Jesus, most often when he’s dealing with questions of authority and with the religious authorities, uses a similar kind of playfulness to get his point across.

The context for today’s lesson is in the midst of Holy Week. Jesus has already entered Jerusalem, has flipped over tables in the Temple, and is now teaching just outside. When he is confronted by the religious leaders, they want to know what authority it is that he brings to this teaching. And Jesus, rather than answering their question (as usual), offers them a question of their own: “By what authority did John the Baptist do the things he did?”

They confer. And ultimately, it is fear that drives their lack of answer. If they say “by God’s authority,” then they fear their peers and that their own authority will be undermined. If they say “by human authority,” then they fear the crowds that are following Jesus. So they say nothing.

One way of seeing this exchange is that the leaders are trying to trap Jesus. Instead, he traps them. They are caught up in their own words and exposed for the frauds that they are. But is it possible, perhaps, that Jesus is actually offering them a way out, a hopeful question that they might see the error of their ways, repent, acknowledge that they were/are wrong about John and him and come into God’s presence?

The parable comes next, which might shed more light on our conversation. Two sons are asked by their father to go work in the vineyard. The eldest says “yes,” but goes off to do something else. Maybe play Guitar Hero or something. The youngest says, “no,” but then decides to go work any way. In a way, Jesus is setting up a conversation about words and works. Which is more important: to say that we believe in God and the promises of resurrection, or to live as though we do? The ideal, of course, is for our works to flow from our words. We say one thing and we act in concert with that which we say. But then again, any of you who have parented a two year old know that “no” can sometimes be taken with a grain of salt.
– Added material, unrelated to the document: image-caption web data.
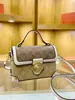 Bolso cuadrado pequeño transfronterizo para mujer, nuevo bolso de mano moda 2026 color rojo rosa, bolso de hombro cruzado individual elegante de alta gama, moderno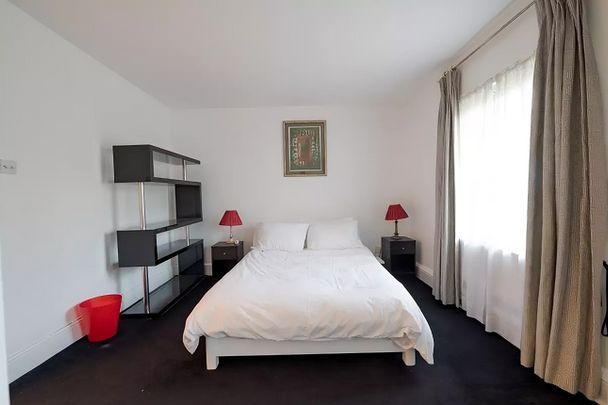 2 Bed Terraced House, Victoria Rise, NW6 - Photo 1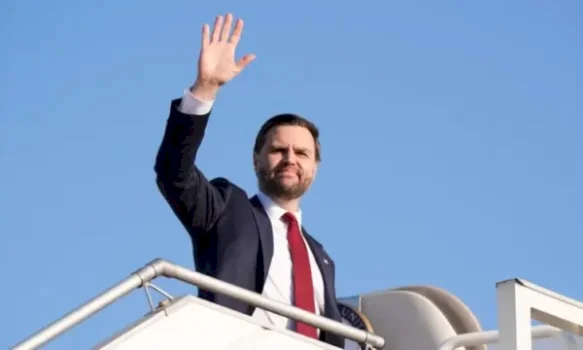 Ngushtica e Hormuzit në tension: Kërcënimet, bllokadat dhe negociatat e SHBA-Iran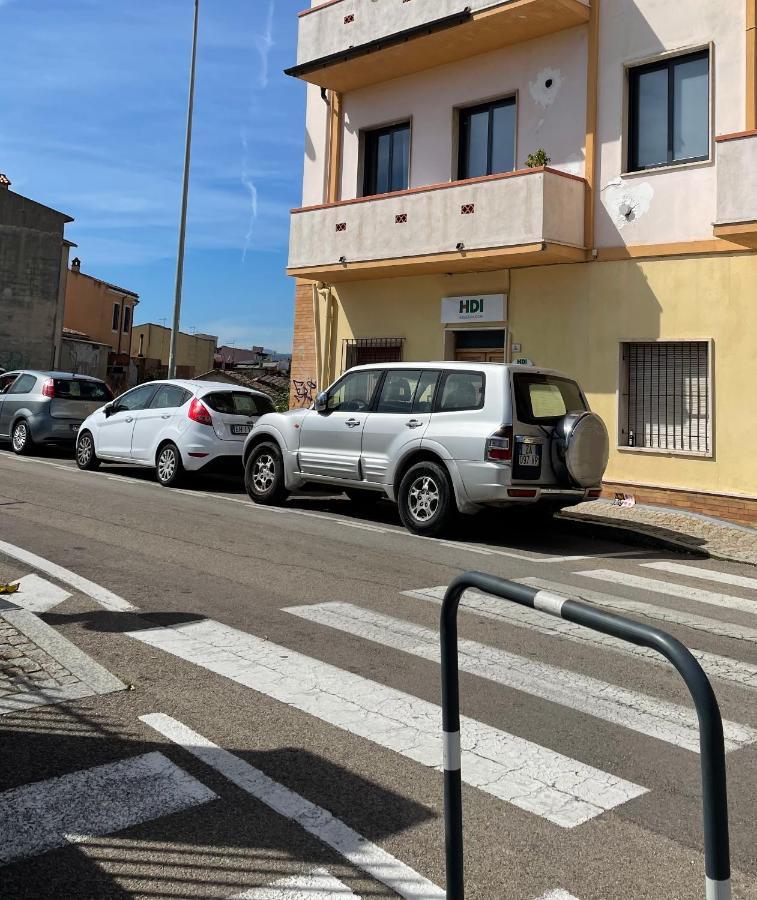 Camera In Centro Storico Olbia Extérieur photo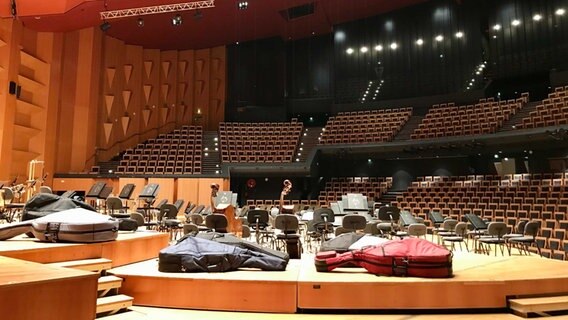 Das NDR Elbphilharmonie Orchester tritt im Auditorium-Orchestre National de Lyon auf. © NDR Foto: Philipp Schmid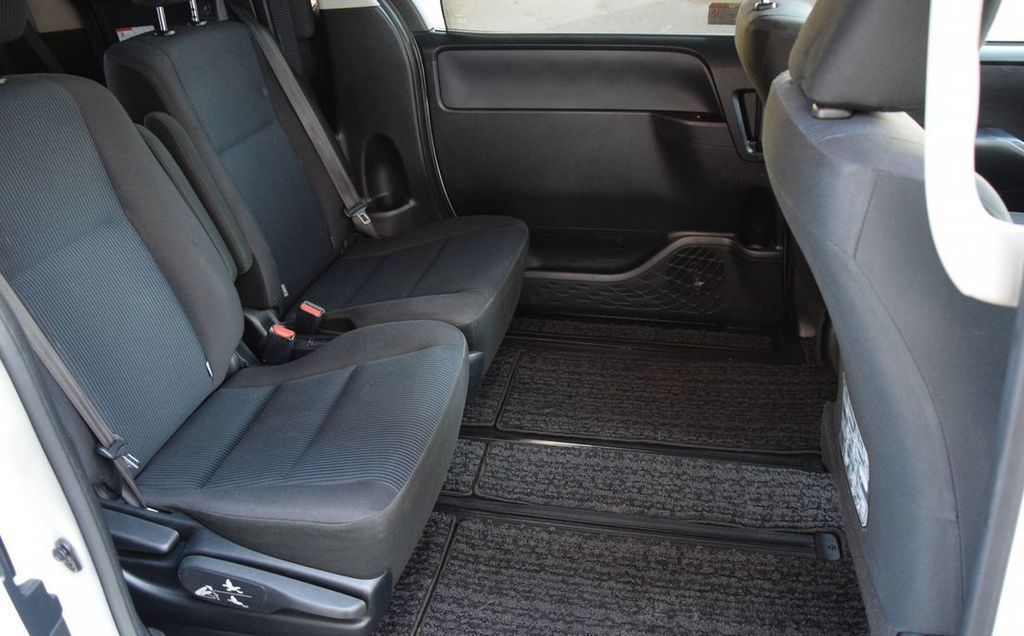 Toyota Noah, 2015 год, 2 080 000 рублей, 12 фотография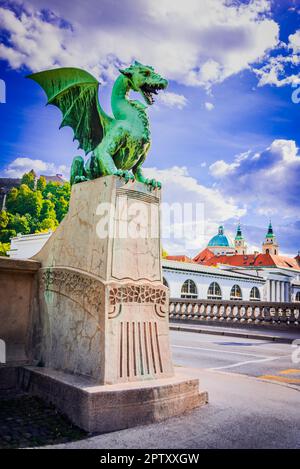 Lubiana, Slovenia. Ponte del drago (Zmajski Most), simbolo di Lubiana, capitale della Slovenia, Europa. Foto Stock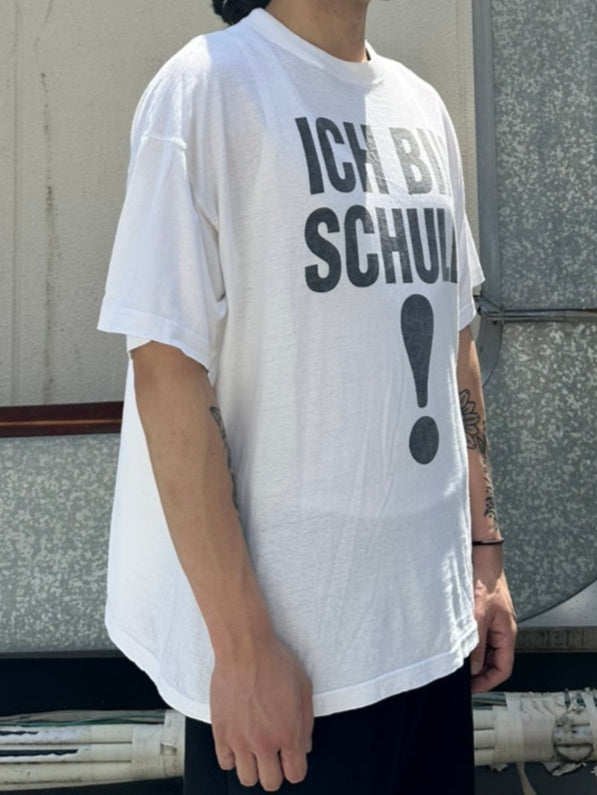 00's「ICH BIN SCHULD」ホワイトTシャツ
But if we are set up into a choice between one or the other, the parable suggests that it is our works that trump our words.

Jesus uses this parable to show how the leaders ignored what it is that John did; he may have not been saying things the right way to them, but his acts showed a righteousness and a presence of God far beyond what they could manage, even though they were saying “all the right things.”
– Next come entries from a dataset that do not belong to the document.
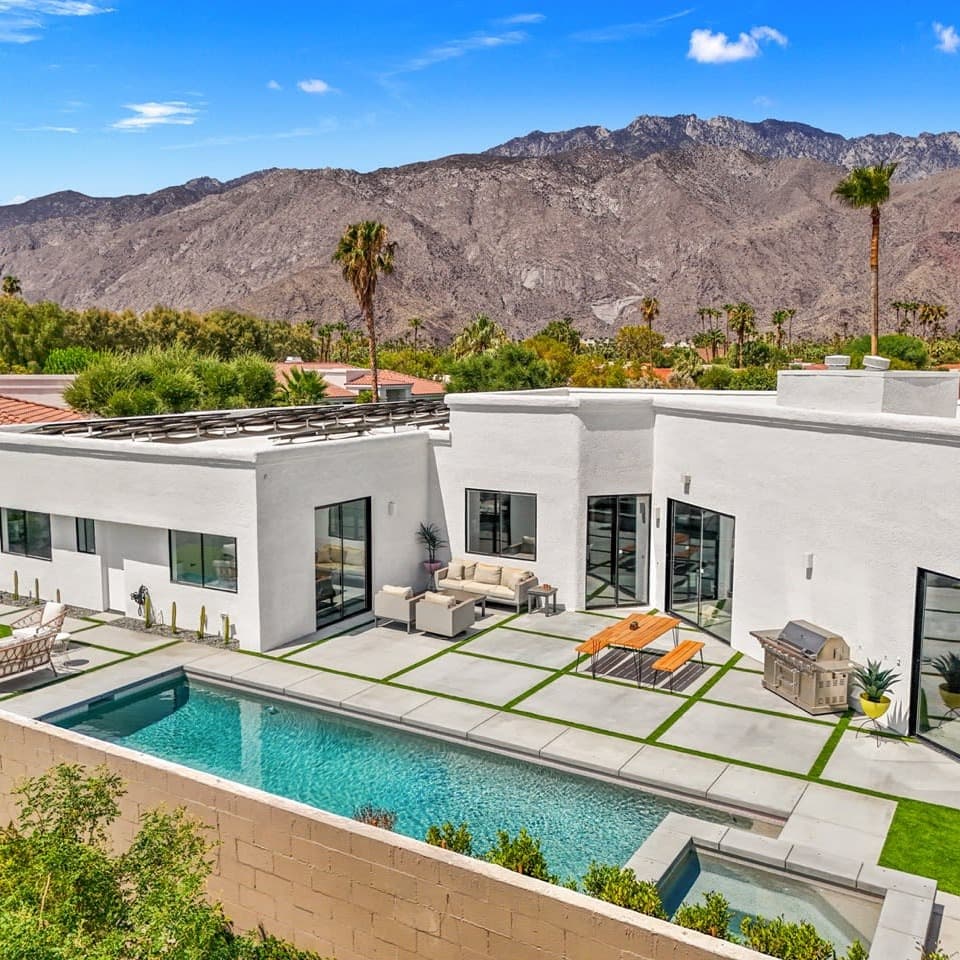 Palm Lighthouse - Image 1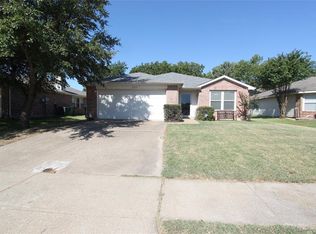 2213 Lookout Ln, Denton, TX 76207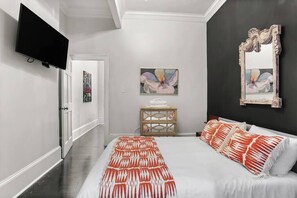 2 habitaciones, tabla de planchar con plancha, wifi y ropa de cama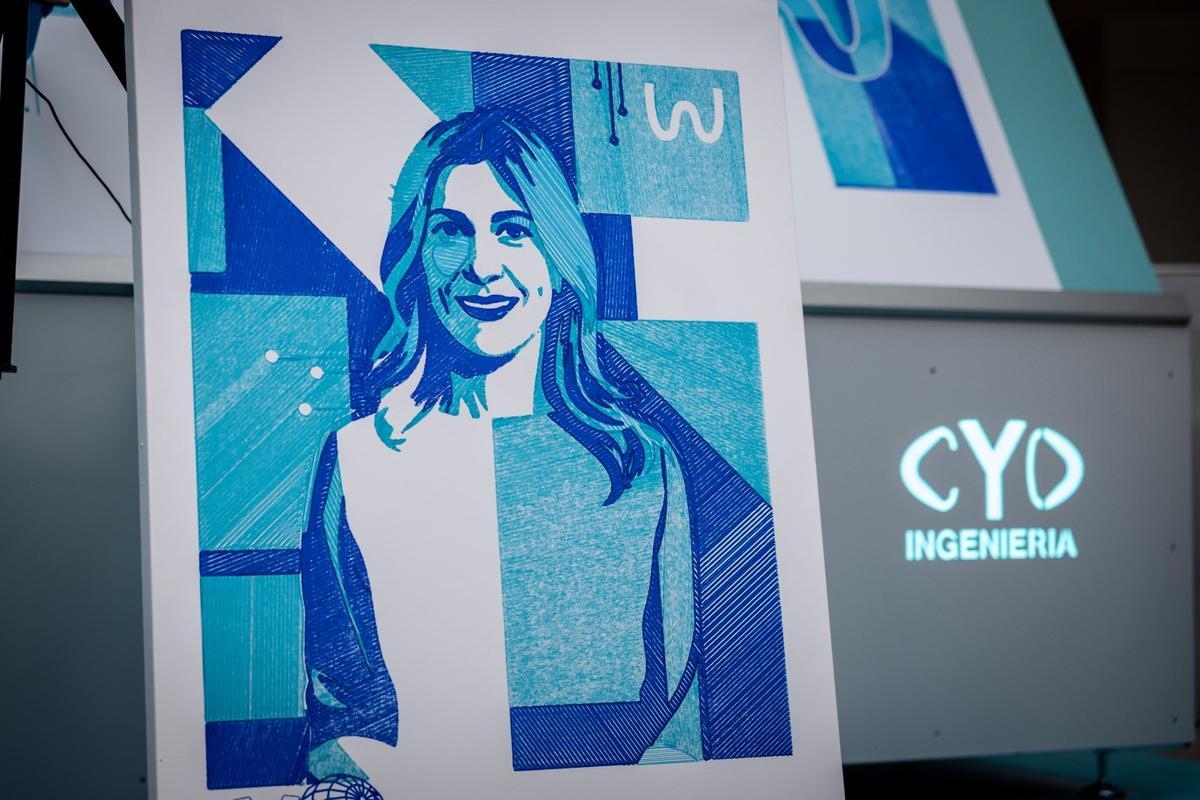 El retrato de Mar Vaquero, vicepresidenta del Gobierno de Aragón en funciones, realizado por un brazo robotizado de CYO Ingeniería.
And it is here that Jesus gets downright provocative: “tax collectors and prostitutes will enter the kindom of God ahead of you.” The worst elements of society, those tax collectors who took money from the Jews and gave it to the foreign occupiers, the Romans, those traitors, they got it. Those prostitutes, those who are not only ignoring God’s ways, but those whom we see as being shunned and cast out by God for doing so, they got it. You think you’re the best; but you may have it backwards.

And then he ends with this nugget: “You did not change your minds and believe in him.”
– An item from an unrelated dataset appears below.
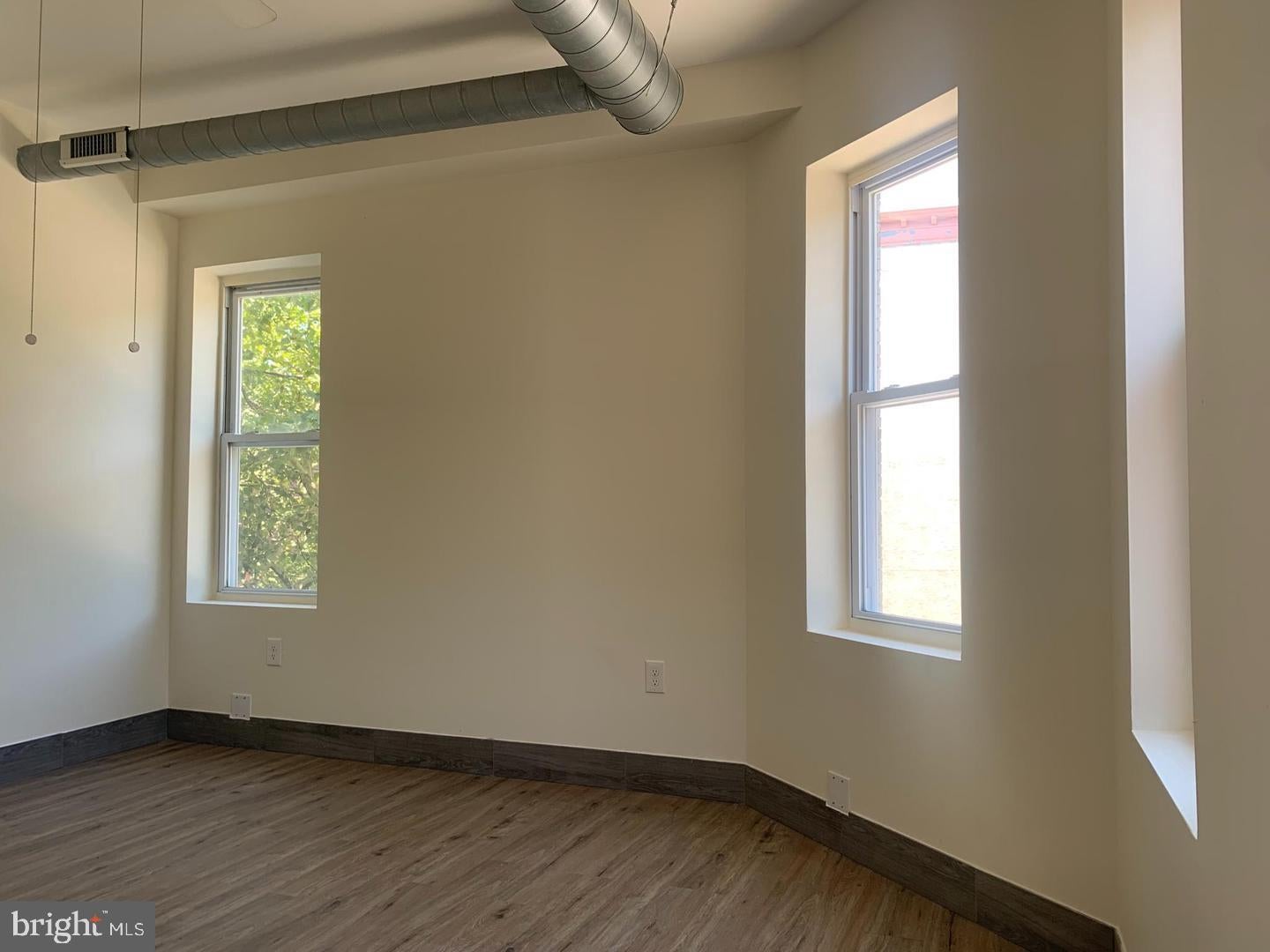 434 S 52ND STREET 3R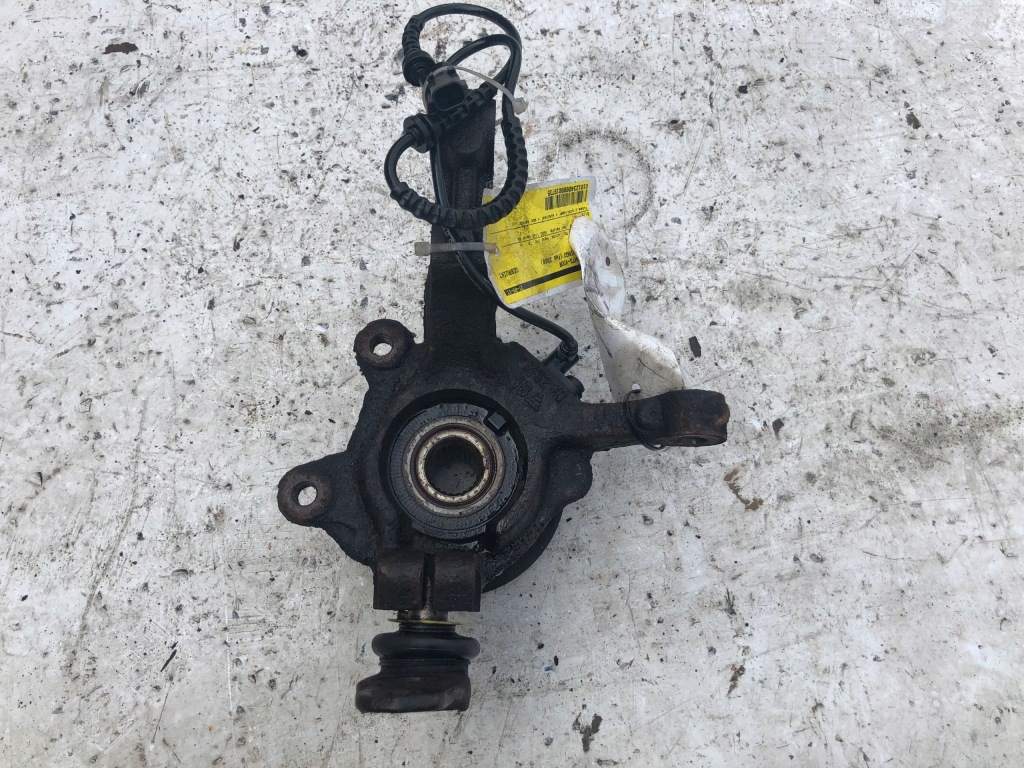 фото №2, Поворотный кулак ступица перед правая renault twingo ii 2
Friends, we’re in the midst of another political season here in our nation. And it is always presented to us by both parties that a person who changes their mind is the worst thing possible. Maybe that is true in the world of politics; but in the world of faith, there is always the chance to repent, to turn to God, to say that we have been wrong and desire to follow in the path God sets before us.

Who are those modern day prostitutes and tax collectors? Who are the ones whom we, chief priests and elders of the faithful alike, despise, consider traitorous, deem beyond God’s love? Friends, God is saying “yes” to us, with open arms inviting us into that vineyard. What is it that we will say and do?